*** Records for the exercise ***

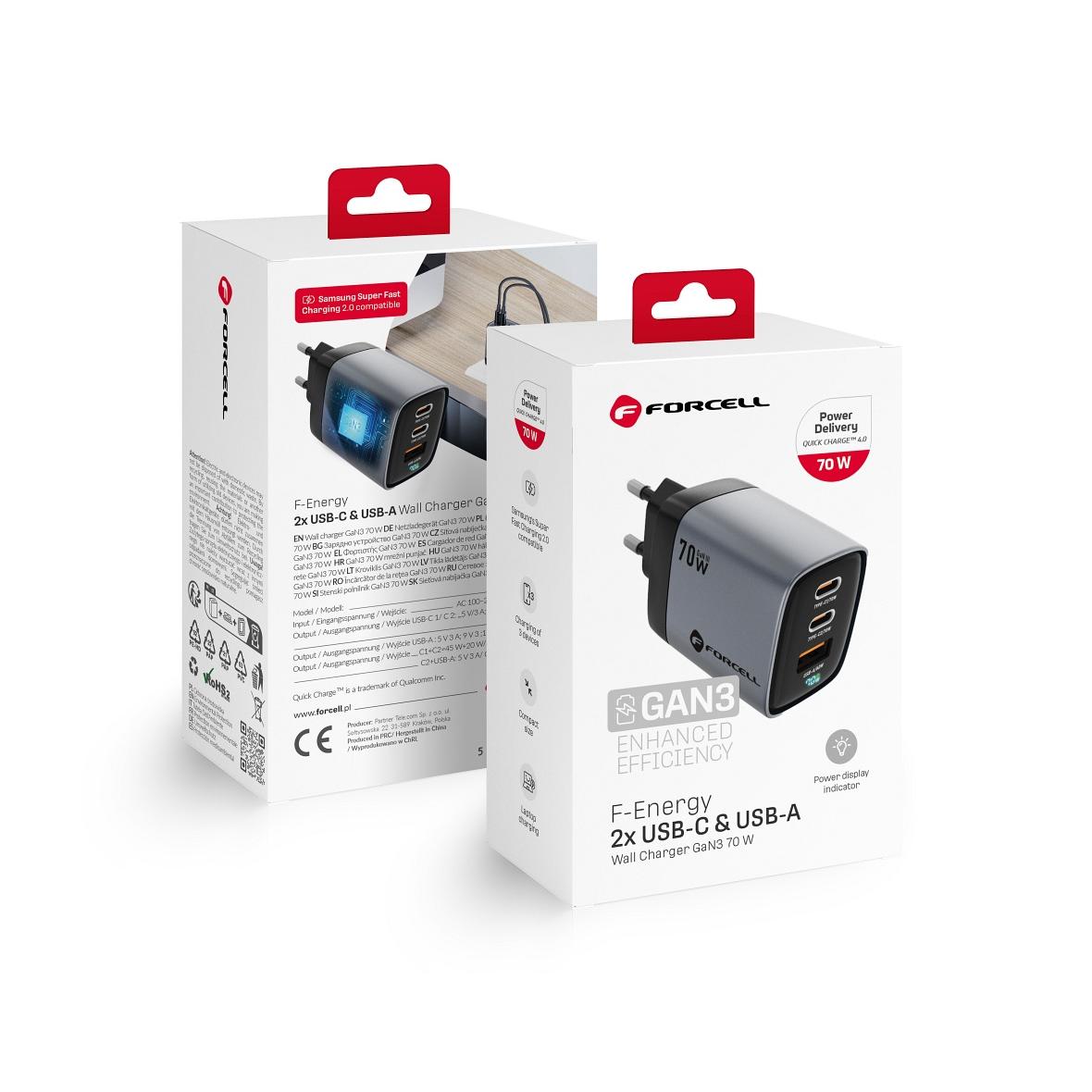 Ładowarka sieciowa do telefonu Forcell F-Energy GaN III 2 x USB C + USB A QC4.0 3,45A PD 70W SAM SFC2.0 z wyświetlaczem LCD VT-37 szara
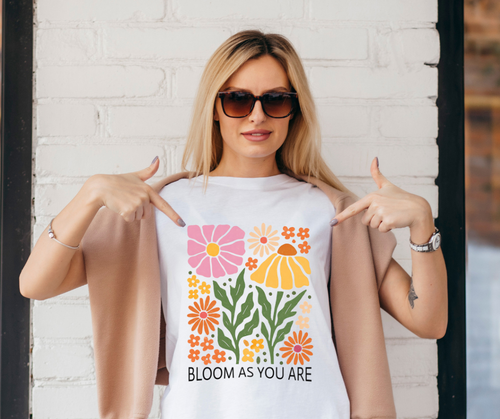 woman wearing a Bloom As You Are Floral T-Shirt -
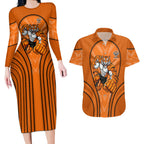 Wests Tigers Rugby Mascot Couples Matching Long Sleeve Bodycon Dress and Hawaiian Shirt Australian Rugby Culture - Tribal Inspired Tiger
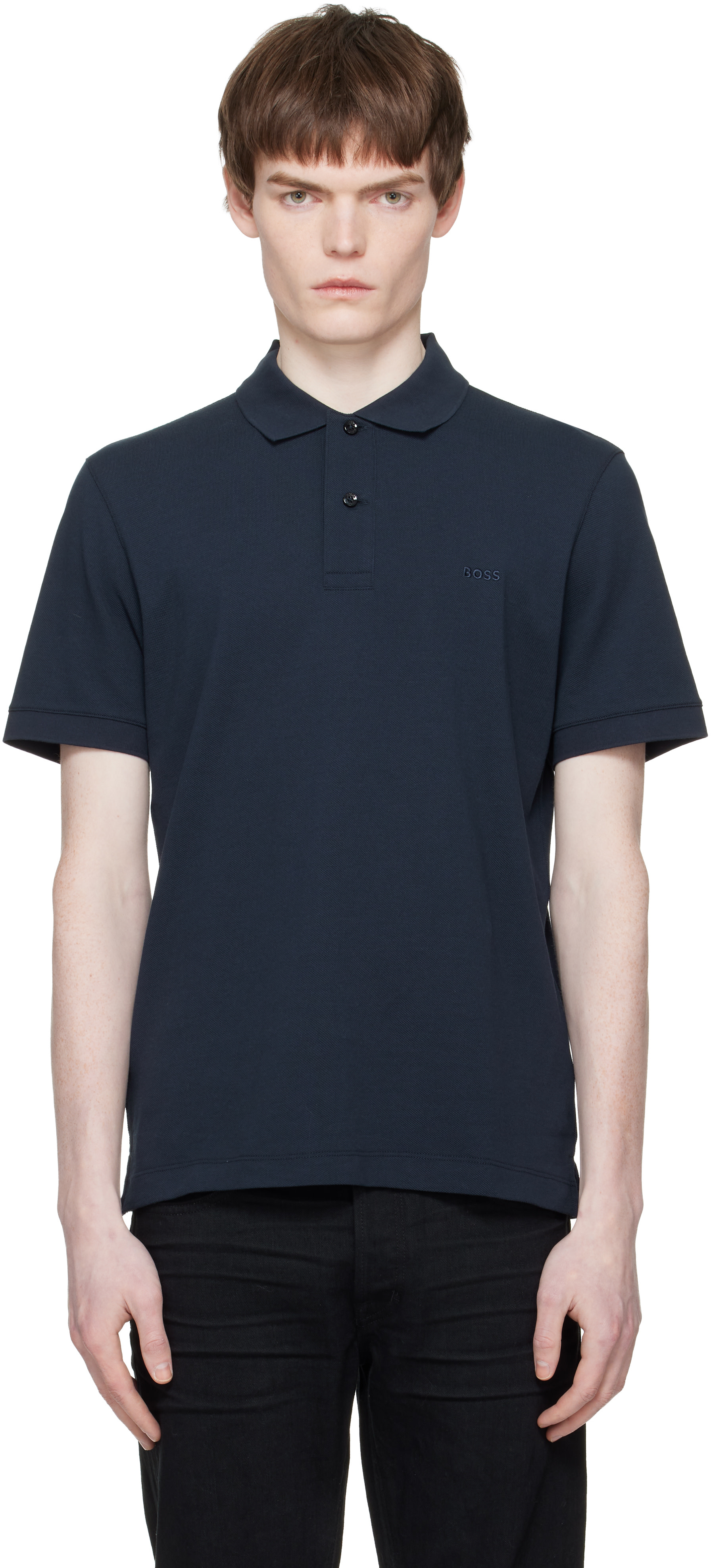 BOSS - Navy Regular-Fit Cotton Polo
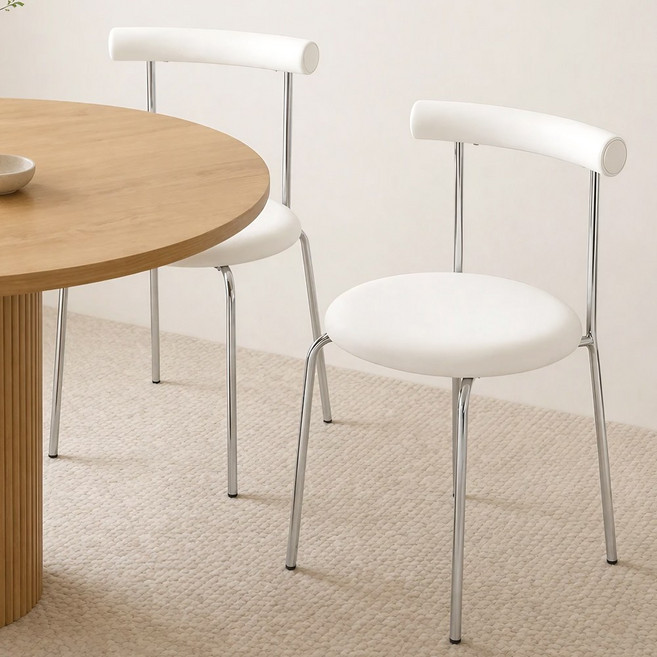 메르하임 카페 인테리어 식탁의자, 화이트, 2개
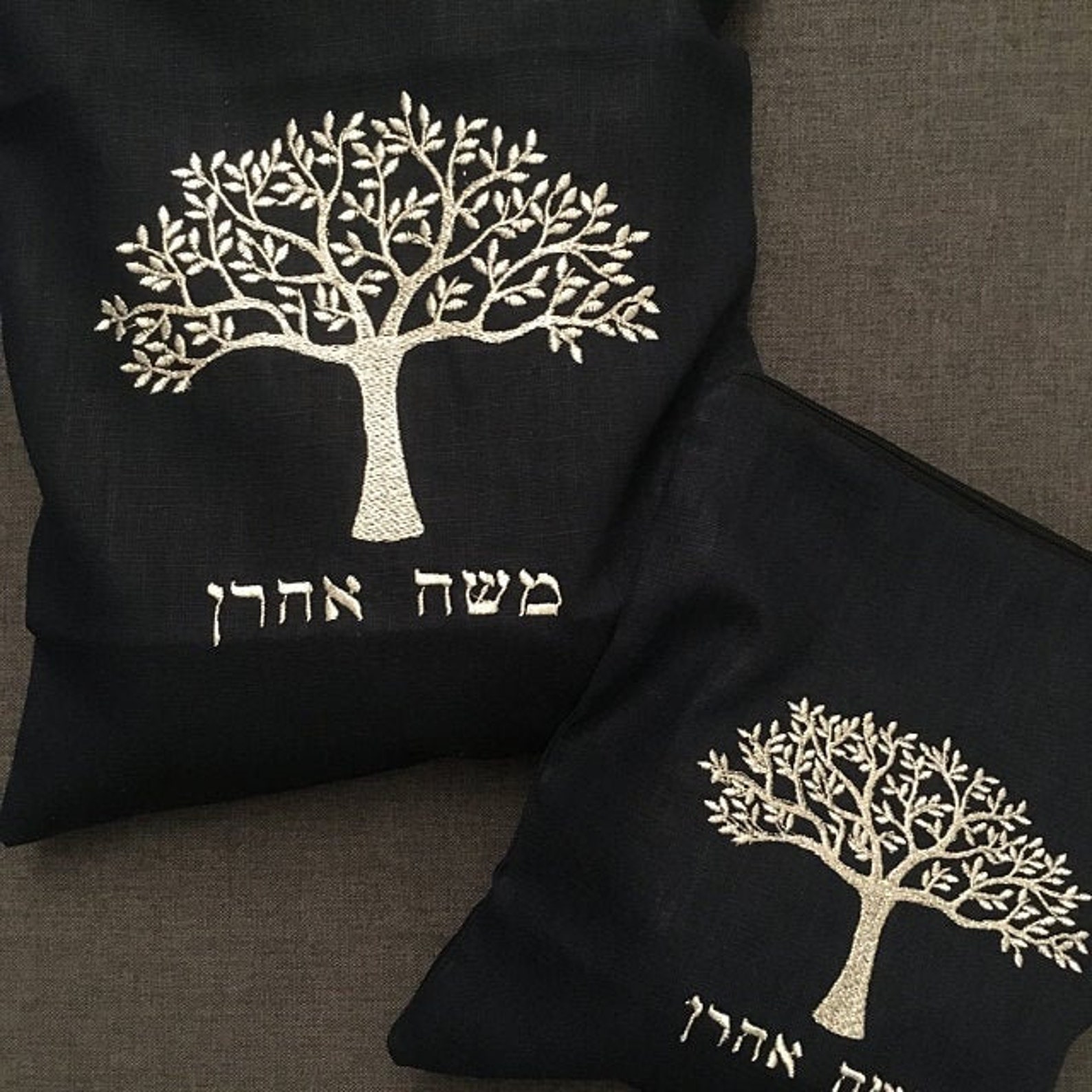 Jewish Dad Gift,Personalized Synagogue set,Jewish Prayer Bag,Tefillin and Talit Bag Set ,Navy Blue Linen,Tallis Bag,Bar Mitzvah gift,Jewish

***

**Task to carry out**
Your answer must consist solely of the lines from the one containing "BOSS - Navy Regular-Fit Cotton Polo" through the last line of the records above, copied exactly, with every picture left out.

**Exercise response**
 BOSS - Navy Regular-Fit Cotton Polo
 메르하임 카페 인테리어 식탁의자, 화이트, 2개
 Jewish Dad Gift,Personalized Synagogue set,Jewish Prayer Bag,Tefillin and Talit Bag Set ,Navy Blue Linen,Tallis Bag,Bar Mitzvah gift,Jewish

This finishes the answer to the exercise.